## EXERCISE GOAL
Up to and including the line that contains "Media Visitenkarte (Vorne/Hinten)", repeat the entries below exactly from the first line on. Do not carry over any pictures.

(Image-caption web data)
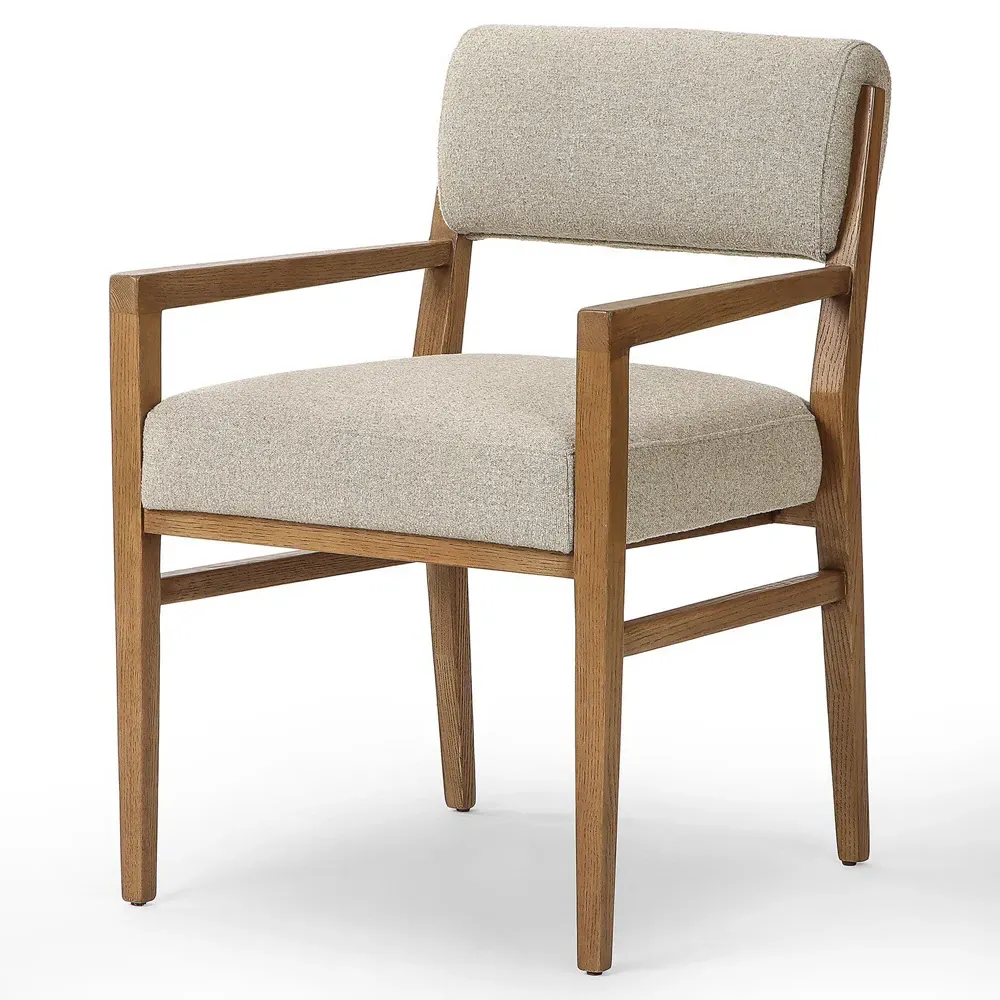 Anna Dining Arm Chair - Beige, Oak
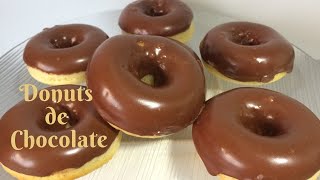 Como hacer DONUTS de CHOCOLATE AL HORNO [upl. by Anaerb]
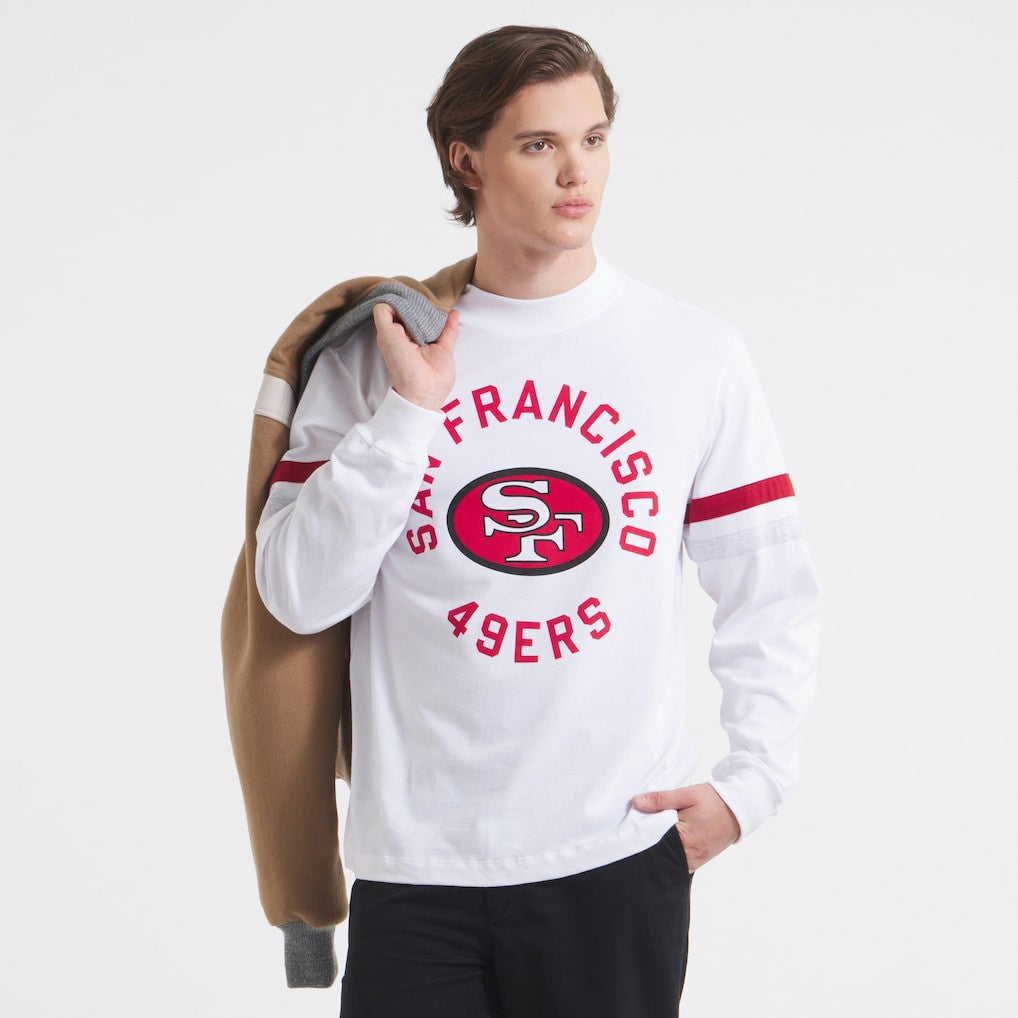 San Francisco 49ers x Todd Snyder Premium Jersey Mock Neck Tee White - NFL
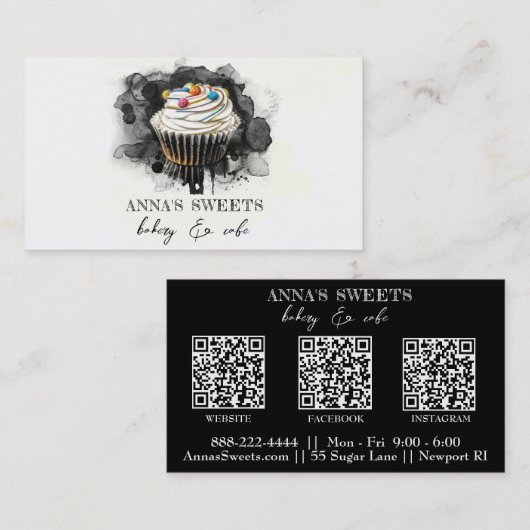 *~* Süßwarenbäckerei 3 QR Social Media Visitenkarte (Vorne/Hinten)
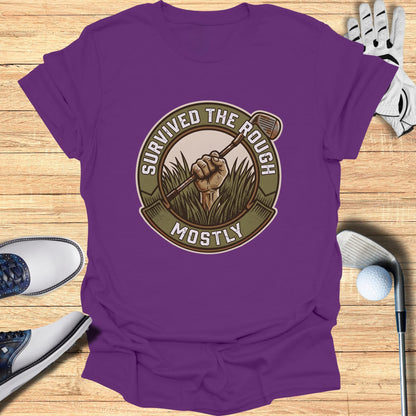 Purple t-shirt with "Survived The Rough Mostly" graphic featuring a golf club.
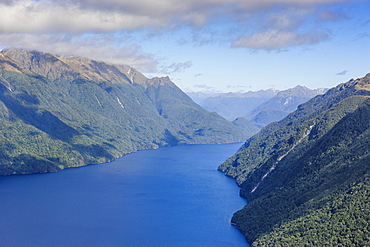 Aerial of a huge fjord in Fiordland National Park, UNESCO World Heritage Site, South Island, New Zealand, Pacific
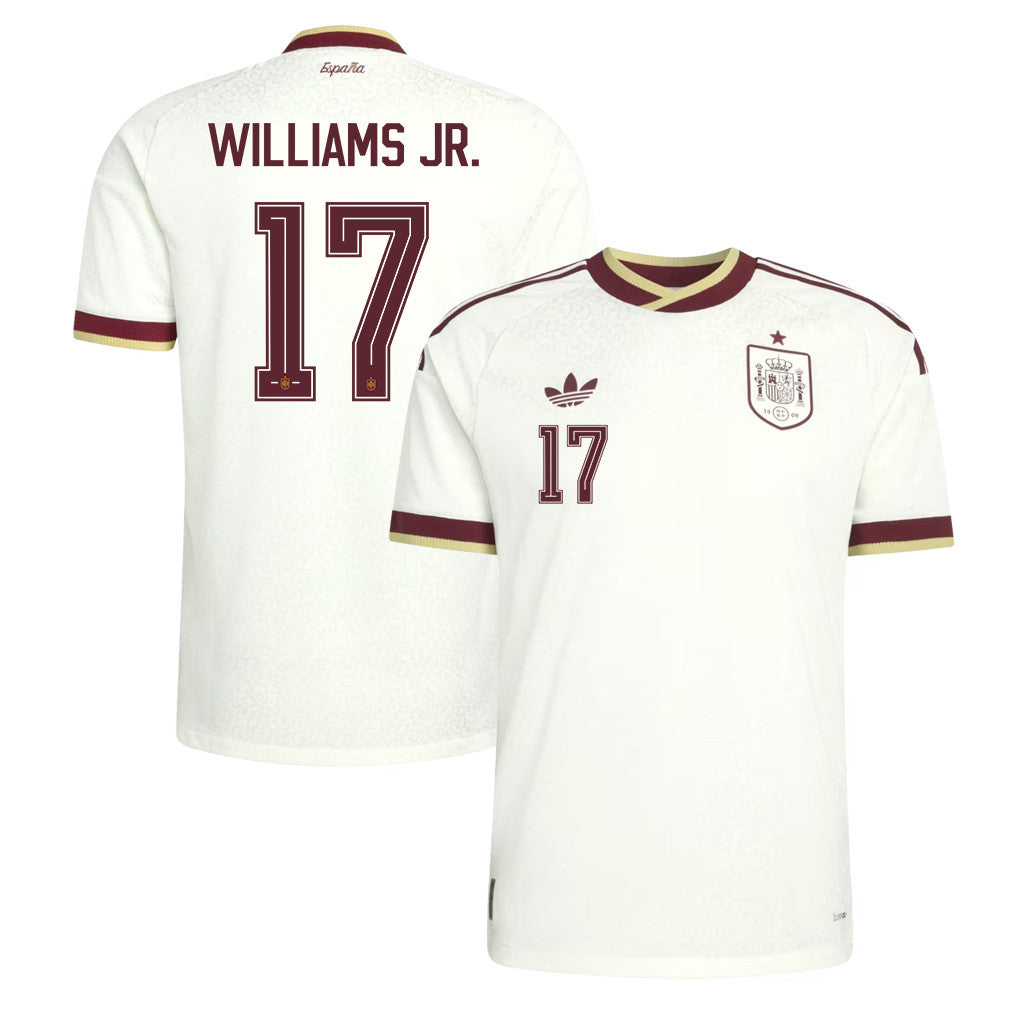 Nico Williams 17 Spain National Team 2026 Away Jersey - White, Men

## TASK OUTPUT
 Anna Dining Arm Chair - Beige, Oak
 Como hacer DONUTS de CHOCOLATE AL HORNO [upl. by Anaerb]
 San Francisco 49ers x Todd Snyder Premium Jersey Mock Neck Tee White - NFL
 *~* Süßwarenbäckerei 3 QR Social Media Visitenkarte (Vorne/Hinten)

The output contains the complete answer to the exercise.